● **Exercise directions**
Once you have located the line containing "Fancy Row of" in the material below, return it exactly along with each line after it through the line containing "0-3T Toddler Baby".

• • • • •

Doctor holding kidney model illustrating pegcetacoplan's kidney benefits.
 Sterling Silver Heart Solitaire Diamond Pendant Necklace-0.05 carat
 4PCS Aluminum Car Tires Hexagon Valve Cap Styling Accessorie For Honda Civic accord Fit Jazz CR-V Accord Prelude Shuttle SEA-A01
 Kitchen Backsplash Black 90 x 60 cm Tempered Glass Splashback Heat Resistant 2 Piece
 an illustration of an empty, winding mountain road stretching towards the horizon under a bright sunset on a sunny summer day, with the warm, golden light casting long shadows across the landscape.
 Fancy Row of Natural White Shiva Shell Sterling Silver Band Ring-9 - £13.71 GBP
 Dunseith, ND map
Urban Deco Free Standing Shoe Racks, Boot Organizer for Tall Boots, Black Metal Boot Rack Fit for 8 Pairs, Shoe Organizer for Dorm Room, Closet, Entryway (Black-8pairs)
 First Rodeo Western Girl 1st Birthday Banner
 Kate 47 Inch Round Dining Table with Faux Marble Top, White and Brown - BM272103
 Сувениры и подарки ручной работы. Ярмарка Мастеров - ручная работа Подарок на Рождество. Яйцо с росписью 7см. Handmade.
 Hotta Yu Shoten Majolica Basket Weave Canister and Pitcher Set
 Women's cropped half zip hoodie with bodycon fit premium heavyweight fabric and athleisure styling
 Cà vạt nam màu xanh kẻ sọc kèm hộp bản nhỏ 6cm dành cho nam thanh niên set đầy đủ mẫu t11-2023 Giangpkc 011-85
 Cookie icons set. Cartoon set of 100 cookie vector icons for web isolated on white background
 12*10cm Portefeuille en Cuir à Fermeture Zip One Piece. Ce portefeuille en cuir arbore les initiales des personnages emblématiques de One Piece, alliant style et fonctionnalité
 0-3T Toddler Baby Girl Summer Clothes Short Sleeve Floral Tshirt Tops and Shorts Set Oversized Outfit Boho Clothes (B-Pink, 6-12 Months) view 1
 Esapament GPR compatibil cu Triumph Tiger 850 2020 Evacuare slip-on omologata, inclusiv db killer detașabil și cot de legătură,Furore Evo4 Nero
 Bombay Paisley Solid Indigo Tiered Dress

• • • • •

● **Output below**
 Fancy Row of Natural White Shiva Shell Sterling Silver Band Ring-9 - £13.71 GBP
 Dunseith, ND map
Urban Deco Free Standing Shoe Racks, Boot Organizer for Tall Boots, Black Metal Boot Rack Fit for 8 Pairs, Shoe Organizer for Dorm Room, Closet, Entryway (Black-8pairs)
 First Rodeo Western Girl 1st Birthday Banner
 Kate 47 Inch Round Dining Table with Faux Marble Top, White and Brown - BM272103
 Сувениры и подарки ручной работы. Ярмарка Мастеров - ручная работа Подарок на Рождество. Яйцо с росписью 7см. Handmade.
 Hotta Yu Shoten Majolica Basket Weave Canister and Pitcher Set
 Women's cropped half zip hoodie with bodycon fit premium heavyweight fabric and athleisure styling
 Cà vạt nam màu xanh kẻ sọc kèm hộp bản nhỏ 6cm dành cho nam thanh niên set đầy đủ mẫu t11-2023 Giangpkc 011-85
 Cookie icons set. Cartoon set of 100 cookie vector icons for web isolated on white background
 12*10cm Portefeuille en Cuir à Fermeture Zip One Piece. Ce portefeuille en cuir arbore les initiales des personnages emblématiques de One Piece, alliant style et fonctionnalité
 0-3T Toddler Baby Girl Summer Clothes Short Sleeve Floral Tshirt Tops and Shorts Set Oversized Outfit Boho Clothes (B-Pink, 6-12 Months) view 1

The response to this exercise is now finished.